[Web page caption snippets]
↓↓↓

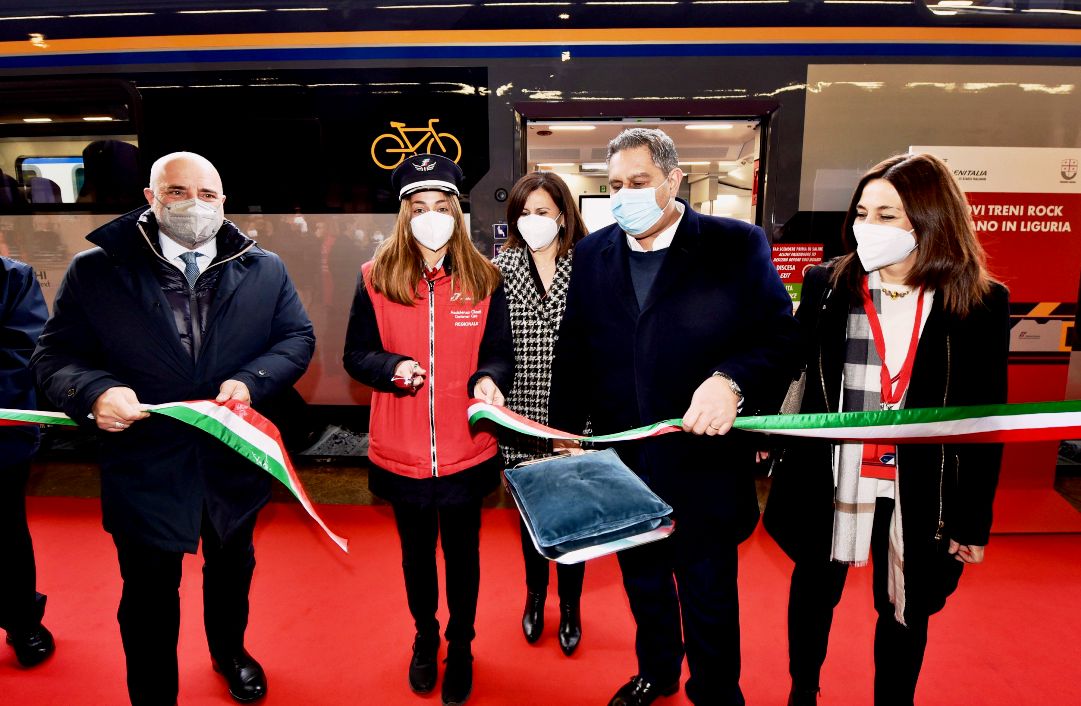 Cerimonia di consegna nuovi treni regionali Rock Trenitalia Liguria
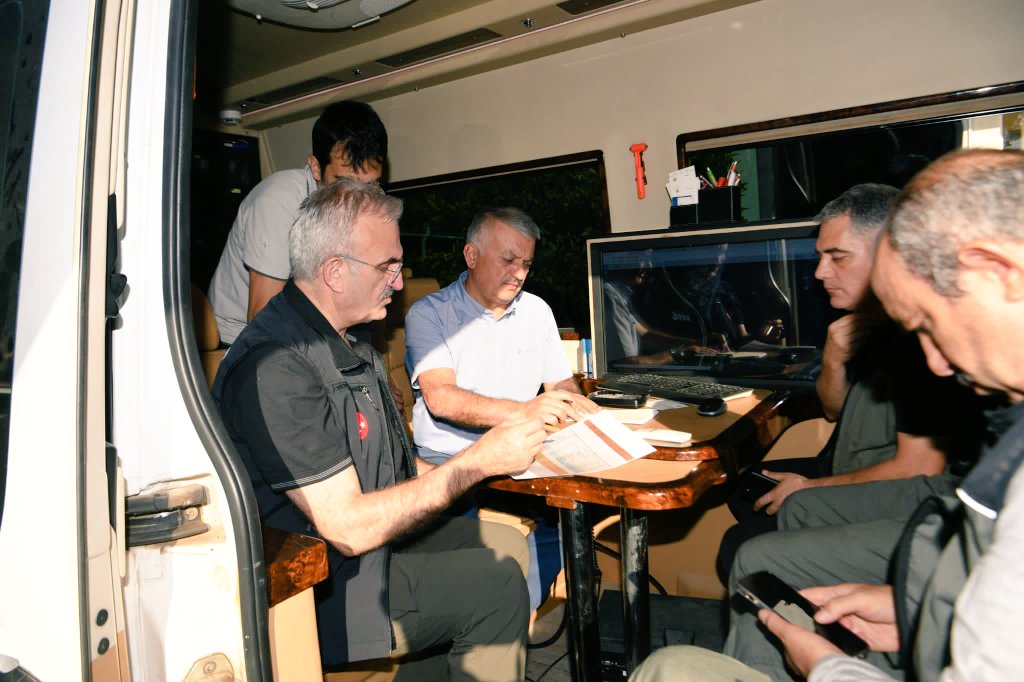 📍Kemer

Dün gece saat 21.08 itibariyle Kemer Göynük'te başlayan ve ciğerimizi yakan orman yangınını kontrol altına almak için havadan ve karadan müdahalemiz tüm hızıyla devam ediyor.

Devletimizin tüm imkanları ile yangını kontrol altına alabilmek için çalışmalarını sürdürüyor.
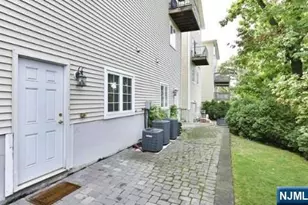 461 5th B, Palisades Park, NJ 07650 - Photo 18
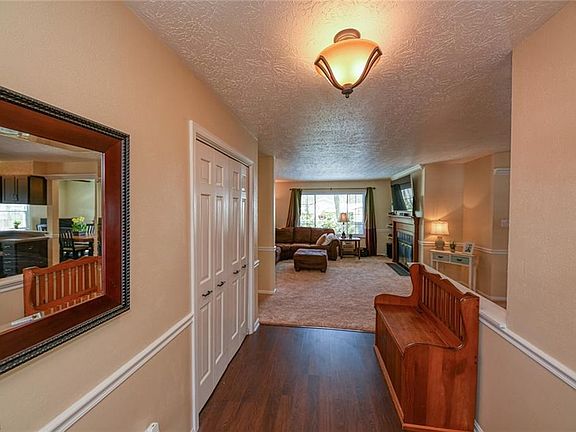 3rd image of 2173 Woodlawn Cir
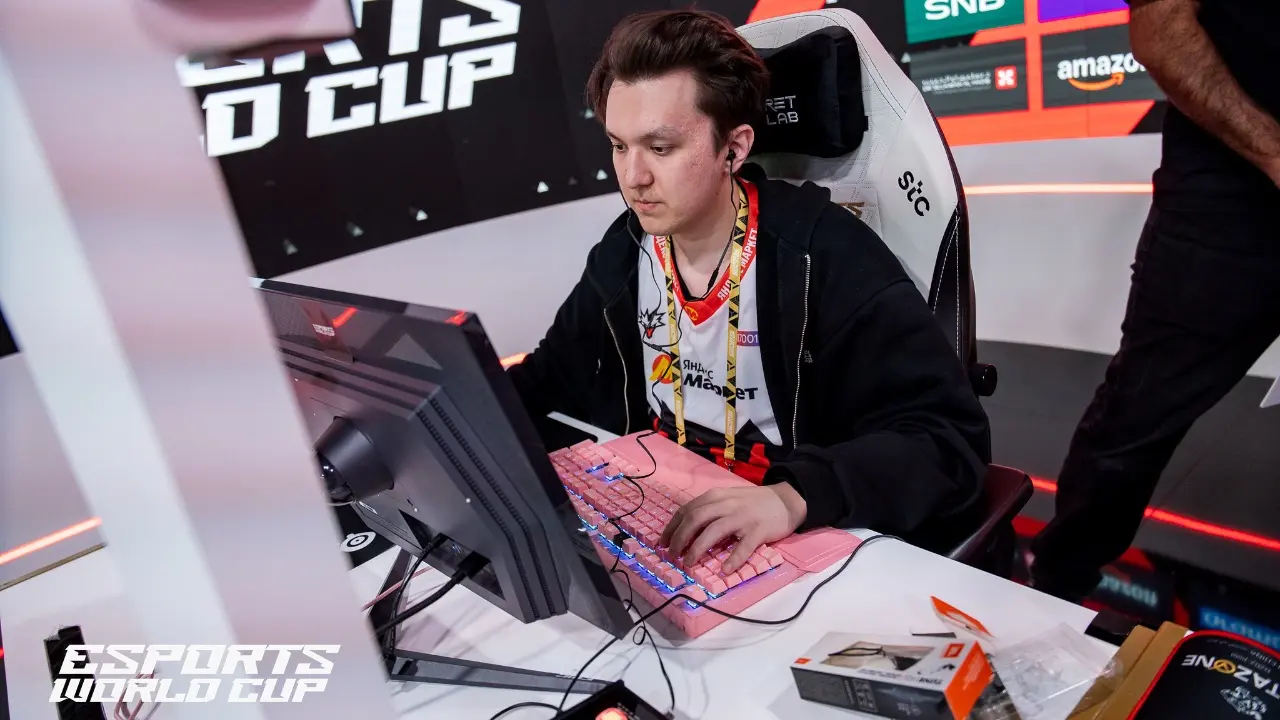 Aibek “TA2000” Tokayev at the 2025 Esports World Cup in Dota 2
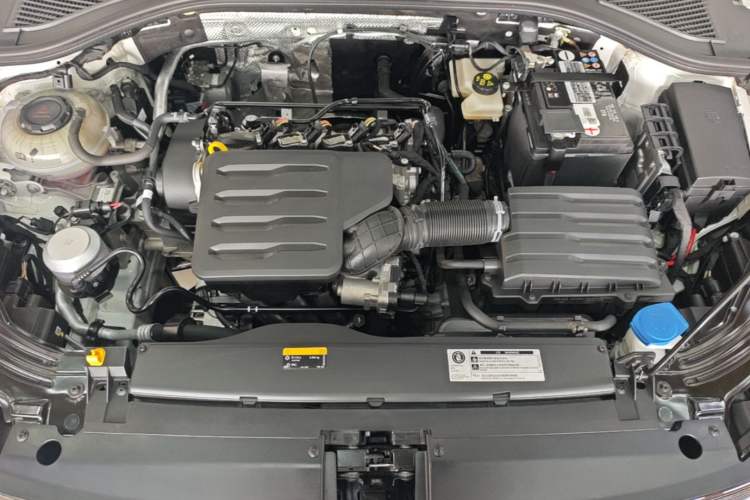 Used Volkswagen Lavida 2023 Revised Version 1.5L Automatic 5 Millionth Edition Engine Bay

↑↑↑

TO DO: Every line from the first line of the entries above through the line with "461 5th B, Palisades" must be repeated exactly, and pictures must not be.

ANSWER SECTION:
 Cerimonia di consegna nuovi treni regionali Rock Trenitalia Liguria
 📍Kemer

Dün gece saat 21.08 itibariyle Kemer Göynük'te başlayan ve ciğerimizi yakan orman yangınını kontrol altına almak için havadan ve karadan müdahalemiz tüm hızıyla devam ediyor.

Devletimizin tüm imkanları ile yangını kontrol altına alabilmek için çalışmalarını sürdürüyor.
 461 5th B, Palisades Park, NJ 07650 - Photo 18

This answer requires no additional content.